B. H. Roberts writes that Book of Mormon geography theories will have to change with more evidence.

Date
1909
Type
Book
Source
B. H. Roberts
LDS
Hearsay
Direct
Reference

B. H. Roberts, New Witnesses for God, III: The Book of Mormon (Salt Lake City: Deseret News Press, 1909), 503–504

Scribe/Publisher
Deseret News Press
People
B. H. Roberts
Audience
Reading Public
Transcription

Yet this alleged "revelation" has dominated all our thinking, and influenced all our conclusions upon the subject of Book of Mormon geography. Whereas, if this is not a revelation, the physical description relative to the contour of the lands occupied by the Jaredites and Nephites, that being principally that two large bodies of land were joined by a narrow neck of land — can be found between Mexico and Yucatan with the isthmus of Tehuantepec between. If the investigation now going on shall result in relieving us of the "necessity of considering ourselves bound to uphold as a revelation the passage in Richards and Little's Compendium, here considered, many of our difficulties as to the geography of the Book of Mormon — if not all of them in fact, will have passed away. In that event much found in this treatise of the Book of Mormon relative to the Nephites being in South America — written under the impression that the passage in the above named Compendium was, as is there set forth, a revelation — will have to be modified.

And let me here say a word in relation to new discoveries in our knowledge of the Book of Mormon, and for matter of that in relation to all subjects connected with the work of the Lord in the earth. We need not follow our researches in any spirit of fear and trembling. We desire only to ascertain the truth; nothing but the truth will endure ; and the ascertainment of the truth and the proclamation of the truth in any given case, or upon any subject, will do no harm to the work of the Lord which is itself truth.
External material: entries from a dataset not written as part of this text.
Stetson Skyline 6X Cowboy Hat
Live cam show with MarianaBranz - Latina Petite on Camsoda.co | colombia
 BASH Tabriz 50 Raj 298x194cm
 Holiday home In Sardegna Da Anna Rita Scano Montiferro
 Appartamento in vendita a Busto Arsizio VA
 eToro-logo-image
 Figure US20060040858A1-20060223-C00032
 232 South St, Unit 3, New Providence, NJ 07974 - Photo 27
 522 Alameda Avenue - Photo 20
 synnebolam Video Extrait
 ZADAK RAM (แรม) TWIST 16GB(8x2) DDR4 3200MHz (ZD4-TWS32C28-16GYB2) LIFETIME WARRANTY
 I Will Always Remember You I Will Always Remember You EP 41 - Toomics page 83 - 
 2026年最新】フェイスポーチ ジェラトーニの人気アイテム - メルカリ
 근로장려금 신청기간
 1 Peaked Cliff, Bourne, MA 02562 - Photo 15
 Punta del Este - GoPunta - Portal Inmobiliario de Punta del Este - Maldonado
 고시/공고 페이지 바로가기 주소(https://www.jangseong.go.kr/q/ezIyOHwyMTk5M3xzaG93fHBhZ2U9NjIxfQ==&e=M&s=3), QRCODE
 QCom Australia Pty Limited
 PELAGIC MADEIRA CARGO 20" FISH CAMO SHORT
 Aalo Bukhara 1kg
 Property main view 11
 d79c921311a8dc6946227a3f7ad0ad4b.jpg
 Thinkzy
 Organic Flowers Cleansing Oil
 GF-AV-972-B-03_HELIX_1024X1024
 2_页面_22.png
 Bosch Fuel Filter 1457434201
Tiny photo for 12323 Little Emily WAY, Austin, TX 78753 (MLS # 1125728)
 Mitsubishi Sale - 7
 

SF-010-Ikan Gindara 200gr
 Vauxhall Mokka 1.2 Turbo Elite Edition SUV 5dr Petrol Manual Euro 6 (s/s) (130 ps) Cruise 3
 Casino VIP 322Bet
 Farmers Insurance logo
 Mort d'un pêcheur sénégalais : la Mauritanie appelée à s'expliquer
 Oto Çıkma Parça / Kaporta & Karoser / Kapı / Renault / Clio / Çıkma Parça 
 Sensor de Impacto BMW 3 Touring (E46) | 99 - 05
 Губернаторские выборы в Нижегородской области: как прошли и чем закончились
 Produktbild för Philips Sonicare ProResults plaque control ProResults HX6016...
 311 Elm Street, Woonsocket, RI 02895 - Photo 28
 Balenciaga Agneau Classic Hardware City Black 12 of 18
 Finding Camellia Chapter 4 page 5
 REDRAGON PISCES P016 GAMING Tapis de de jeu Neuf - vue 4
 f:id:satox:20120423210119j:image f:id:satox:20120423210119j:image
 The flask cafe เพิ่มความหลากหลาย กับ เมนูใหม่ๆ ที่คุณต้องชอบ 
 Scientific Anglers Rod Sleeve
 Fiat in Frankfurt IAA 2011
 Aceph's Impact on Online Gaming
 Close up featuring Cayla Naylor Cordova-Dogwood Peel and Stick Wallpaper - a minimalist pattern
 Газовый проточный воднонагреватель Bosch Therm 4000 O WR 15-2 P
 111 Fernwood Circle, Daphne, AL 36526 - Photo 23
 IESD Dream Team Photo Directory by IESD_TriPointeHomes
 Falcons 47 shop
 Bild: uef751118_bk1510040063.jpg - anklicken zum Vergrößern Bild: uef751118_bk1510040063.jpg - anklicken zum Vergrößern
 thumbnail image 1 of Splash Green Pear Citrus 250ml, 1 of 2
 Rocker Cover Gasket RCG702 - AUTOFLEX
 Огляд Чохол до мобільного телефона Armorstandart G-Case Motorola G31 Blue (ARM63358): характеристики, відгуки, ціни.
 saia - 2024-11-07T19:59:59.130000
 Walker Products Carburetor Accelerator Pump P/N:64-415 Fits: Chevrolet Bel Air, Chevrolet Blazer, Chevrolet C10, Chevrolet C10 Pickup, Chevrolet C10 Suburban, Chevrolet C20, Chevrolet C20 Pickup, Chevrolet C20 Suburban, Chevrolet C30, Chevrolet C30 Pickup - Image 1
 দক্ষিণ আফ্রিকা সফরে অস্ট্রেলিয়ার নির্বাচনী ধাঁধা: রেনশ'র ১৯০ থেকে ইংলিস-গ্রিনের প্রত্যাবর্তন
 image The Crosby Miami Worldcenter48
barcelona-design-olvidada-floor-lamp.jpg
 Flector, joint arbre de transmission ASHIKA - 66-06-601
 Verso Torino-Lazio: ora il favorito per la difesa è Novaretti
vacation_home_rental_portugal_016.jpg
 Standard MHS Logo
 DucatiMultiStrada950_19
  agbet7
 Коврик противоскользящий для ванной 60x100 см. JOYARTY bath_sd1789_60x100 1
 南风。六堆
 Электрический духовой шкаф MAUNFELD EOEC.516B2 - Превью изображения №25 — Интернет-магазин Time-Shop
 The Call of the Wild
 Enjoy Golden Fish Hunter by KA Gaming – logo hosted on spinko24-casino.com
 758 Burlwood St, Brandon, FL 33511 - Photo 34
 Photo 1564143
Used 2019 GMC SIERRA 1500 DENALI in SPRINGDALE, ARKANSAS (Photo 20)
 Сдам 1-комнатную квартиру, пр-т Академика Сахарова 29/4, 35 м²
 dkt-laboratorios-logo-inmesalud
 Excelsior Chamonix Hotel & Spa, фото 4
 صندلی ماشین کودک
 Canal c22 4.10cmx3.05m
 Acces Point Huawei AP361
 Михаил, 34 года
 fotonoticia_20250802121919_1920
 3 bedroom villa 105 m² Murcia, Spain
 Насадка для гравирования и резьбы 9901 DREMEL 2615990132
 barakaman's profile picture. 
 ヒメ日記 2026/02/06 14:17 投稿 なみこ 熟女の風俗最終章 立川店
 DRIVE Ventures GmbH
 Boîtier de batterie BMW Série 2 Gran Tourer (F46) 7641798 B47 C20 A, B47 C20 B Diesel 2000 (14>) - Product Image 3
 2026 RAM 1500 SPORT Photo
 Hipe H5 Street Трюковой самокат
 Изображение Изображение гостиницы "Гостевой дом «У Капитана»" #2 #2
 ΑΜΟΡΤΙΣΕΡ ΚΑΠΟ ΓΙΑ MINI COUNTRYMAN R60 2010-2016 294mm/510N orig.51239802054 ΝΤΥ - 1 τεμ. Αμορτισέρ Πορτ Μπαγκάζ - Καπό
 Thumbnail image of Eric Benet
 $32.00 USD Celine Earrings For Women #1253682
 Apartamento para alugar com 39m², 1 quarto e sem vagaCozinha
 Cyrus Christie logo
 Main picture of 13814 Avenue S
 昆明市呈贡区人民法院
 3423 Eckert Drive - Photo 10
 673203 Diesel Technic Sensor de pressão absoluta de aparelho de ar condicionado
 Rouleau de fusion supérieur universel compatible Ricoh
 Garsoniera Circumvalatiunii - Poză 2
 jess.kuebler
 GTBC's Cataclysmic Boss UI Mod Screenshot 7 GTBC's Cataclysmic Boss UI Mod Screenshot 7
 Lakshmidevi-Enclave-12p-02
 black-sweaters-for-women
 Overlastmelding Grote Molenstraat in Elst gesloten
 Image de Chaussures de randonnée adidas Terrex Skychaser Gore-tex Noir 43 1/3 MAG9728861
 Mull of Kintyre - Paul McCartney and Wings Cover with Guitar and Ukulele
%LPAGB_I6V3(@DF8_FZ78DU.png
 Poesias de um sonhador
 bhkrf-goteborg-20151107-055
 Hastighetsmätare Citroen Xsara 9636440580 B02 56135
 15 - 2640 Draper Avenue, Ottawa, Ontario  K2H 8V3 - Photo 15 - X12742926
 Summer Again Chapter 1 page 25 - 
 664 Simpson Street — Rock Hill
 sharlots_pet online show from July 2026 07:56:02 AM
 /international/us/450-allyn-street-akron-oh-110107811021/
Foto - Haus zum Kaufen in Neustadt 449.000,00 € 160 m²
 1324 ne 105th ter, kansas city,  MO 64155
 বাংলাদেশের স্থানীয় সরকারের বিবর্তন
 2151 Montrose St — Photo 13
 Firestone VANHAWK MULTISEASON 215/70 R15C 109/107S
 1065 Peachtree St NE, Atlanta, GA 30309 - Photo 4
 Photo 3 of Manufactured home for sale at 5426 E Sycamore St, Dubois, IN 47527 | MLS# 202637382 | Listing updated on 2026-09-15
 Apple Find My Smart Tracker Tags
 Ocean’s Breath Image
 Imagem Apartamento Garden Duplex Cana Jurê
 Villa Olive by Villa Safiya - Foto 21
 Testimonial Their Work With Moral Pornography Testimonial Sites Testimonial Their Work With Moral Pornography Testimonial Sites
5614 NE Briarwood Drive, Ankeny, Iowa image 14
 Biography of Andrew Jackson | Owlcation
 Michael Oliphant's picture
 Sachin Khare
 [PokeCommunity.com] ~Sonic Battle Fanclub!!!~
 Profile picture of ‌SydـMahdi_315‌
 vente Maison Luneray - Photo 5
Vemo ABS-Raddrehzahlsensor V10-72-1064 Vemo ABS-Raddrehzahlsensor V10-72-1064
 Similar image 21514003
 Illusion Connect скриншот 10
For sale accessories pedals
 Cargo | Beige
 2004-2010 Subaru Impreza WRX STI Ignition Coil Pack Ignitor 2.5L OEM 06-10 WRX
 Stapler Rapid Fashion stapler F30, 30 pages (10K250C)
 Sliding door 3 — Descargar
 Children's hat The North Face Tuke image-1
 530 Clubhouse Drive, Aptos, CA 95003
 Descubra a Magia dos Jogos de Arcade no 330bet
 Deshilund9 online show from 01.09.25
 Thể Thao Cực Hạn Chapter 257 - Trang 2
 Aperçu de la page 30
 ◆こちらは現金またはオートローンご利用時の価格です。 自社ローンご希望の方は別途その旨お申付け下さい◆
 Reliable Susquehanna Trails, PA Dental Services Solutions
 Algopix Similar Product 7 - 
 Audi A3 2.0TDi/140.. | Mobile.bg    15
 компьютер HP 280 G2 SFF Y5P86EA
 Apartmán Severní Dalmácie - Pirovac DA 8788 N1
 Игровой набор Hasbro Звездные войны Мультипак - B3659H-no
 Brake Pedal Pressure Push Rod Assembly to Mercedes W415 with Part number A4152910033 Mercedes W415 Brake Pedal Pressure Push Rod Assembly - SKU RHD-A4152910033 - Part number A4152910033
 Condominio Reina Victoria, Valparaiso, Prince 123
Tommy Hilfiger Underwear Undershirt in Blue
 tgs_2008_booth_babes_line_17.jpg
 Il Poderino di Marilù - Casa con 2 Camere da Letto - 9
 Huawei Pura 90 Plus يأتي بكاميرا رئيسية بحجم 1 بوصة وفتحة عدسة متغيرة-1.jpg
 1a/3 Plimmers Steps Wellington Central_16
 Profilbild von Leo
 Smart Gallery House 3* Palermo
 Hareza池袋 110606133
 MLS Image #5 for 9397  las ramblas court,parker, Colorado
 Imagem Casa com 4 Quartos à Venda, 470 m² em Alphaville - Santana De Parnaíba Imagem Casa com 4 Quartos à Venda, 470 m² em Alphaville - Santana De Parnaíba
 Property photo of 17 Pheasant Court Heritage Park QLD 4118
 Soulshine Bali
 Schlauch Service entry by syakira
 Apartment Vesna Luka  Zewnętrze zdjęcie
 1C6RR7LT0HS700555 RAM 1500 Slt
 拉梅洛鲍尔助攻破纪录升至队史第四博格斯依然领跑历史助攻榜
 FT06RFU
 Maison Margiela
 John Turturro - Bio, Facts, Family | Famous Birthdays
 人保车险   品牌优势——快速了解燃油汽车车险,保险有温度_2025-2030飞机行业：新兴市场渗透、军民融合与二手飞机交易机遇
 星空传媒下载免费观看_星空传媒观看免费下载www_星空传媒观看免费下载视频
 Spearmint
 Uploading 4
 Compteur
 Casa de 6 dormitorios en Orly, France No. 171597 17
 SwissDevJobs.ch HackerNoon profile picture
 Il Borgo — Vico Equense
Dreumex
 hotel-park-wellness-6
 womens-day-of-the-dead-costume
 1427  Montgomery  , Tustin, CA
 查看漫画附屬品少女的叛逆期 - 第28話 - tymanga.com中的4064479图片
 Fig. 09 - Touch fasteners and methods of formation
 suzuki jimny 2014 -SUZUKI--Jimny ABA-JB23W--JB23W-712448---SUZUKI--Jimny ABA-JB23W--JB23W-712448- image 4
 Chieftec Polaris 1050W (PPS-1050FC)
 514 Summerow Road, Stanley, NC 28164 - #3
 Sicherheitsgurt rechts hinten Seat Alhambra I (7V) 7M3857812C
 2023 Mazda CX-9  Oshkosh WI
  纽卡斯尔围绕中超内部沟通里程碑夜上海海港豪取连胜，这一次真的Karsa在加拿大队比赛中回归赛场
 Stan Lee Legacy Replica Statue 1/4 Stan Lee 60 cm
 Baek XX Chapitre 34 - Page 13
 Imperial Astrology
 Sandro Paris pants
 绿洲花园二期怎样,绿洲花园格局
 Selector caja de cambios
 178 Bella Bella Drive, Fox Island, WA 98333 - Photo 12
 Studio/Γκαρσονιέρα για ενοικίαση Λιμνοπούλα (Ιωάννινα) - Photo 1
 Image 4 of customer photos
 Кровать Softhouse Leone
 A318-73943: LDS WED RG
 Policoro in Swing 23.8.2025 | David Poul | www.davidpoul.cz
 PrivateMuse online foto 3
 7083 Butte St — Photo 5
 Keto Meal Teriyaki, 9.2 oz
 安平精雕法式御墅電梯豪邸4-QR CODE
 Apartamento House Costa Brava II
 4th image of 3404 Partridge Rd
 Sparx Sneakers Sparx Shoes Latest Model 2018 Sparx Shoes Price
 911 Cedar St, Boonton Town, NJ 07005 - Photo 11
Nor need we be surprised if now and then we find our predecessors, many of whom bear honored names and deserve our respect and gratitude for what they achieved in making clear the truth, as they conceived it to be — we need not be surprised if we sometimes find them mistaken in their conceptions and deductions; just as the generations who succeed us in unfolding in a larger way some of the yet unlearned truths of the Gospel, will find that we have had some misconceptions and made some wrong deductions in our day and time. The book of knowledge is never a sealed book. It is never "completed and forever closed;" rather it is an eternally open book, in which one may go on constantly discovering new truths and modifying our knowledge of old ones. The generation which preceded us did not exhaust by their knowledge all the truth, so that nothing was left for us in its unfolding; no, not even in respect of the Book of Mormon; any more than we shall exhaust all discovery in relation to that book and leave nothing for the generation following us to develop. All which is submitted, especially to the membership of the Church, that they may be prepared to find and receive new truths both in the Book of Mormon itself and about it; and that they may also rejoice in the fact that knowledge of truth is inexhaustible, and will forever go on developing.